South Korea’s central bank cuts policy rate to 3%

Nathan Andrada – Fourth Estate Cooperative Contributor

Seoul, South Korea (4E) – The South Korean central bank surprised the markets on Thursday by lowering its key benchmark interest rate by 25 basis points citing worsening economic conditions in the U.S. and Europe, along with softening demand for local goods in emerging markets.

Economists see this unexpected move by the Bank of Korea to cut its policy interest rate to 3.00 per cent as giving support to the South Korean economy amid increasing global economic uncertainty.

The last time the central bank made a decision to cut rates was more than three years ago. The news out of Seoul caught most markets in Asia by surprise where most major stock indexes have fallen after the announcement as fears of a gloomy economic outlook caused investors to sell.

South Korea’s Kopsi index was lower by 2.2 per cent while Japan’s main shares index Nikkei fell by 1.5 percent at the back of disappointing news that the Bank of Japan did not make any substantial changes to theit monetary policy. Hong Kong’s Hang Seng index lost more than 2 per cent while the All Ordinaries index in Sydney was down by 0.7 per cent.
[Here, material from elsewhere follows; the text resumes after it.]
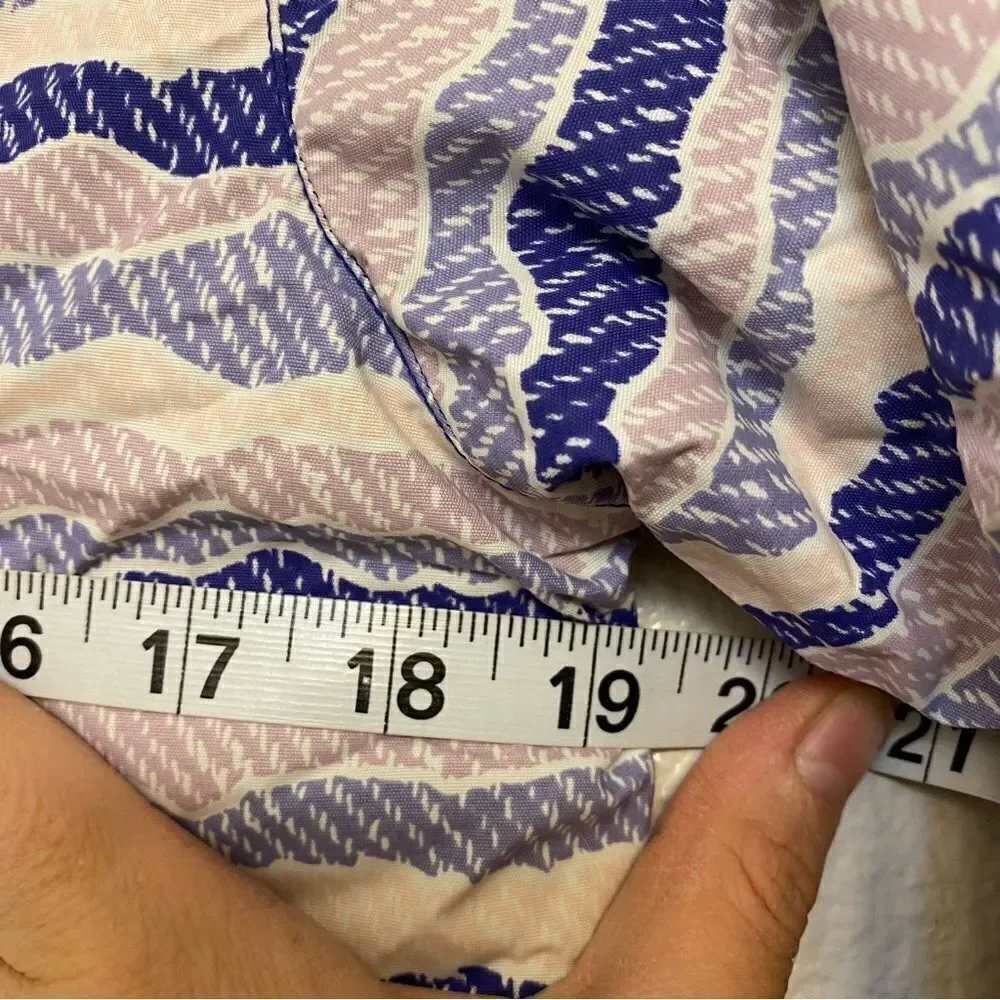 Columbia girls pastel blue pink printed hooded jacket winter coat Large 14/16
Earlier this month, Seoul lowered its exports growth forecast for 2012 to 3.5 per cent after initially making a 6.7 per cent projection in January. Among the reasons cited by the government is the prolonged sovereign debt crisis in Europe which adds to the drag on already declining demand in developing countries for South Korean products. Almost half of the country’s growth comes from exports, which grew by 19 per cent in 2011.

Besides the slowing growth in exports, the South Korean economy is also facing some concerns regarding weakening domestic consumption especially in recent months. Analysts say that by cutting the interest rate, the central bank is helping consumers reduce the cost in debt service. South Korea’s household debt is among the highest in Asia at 74 per cent of GDP.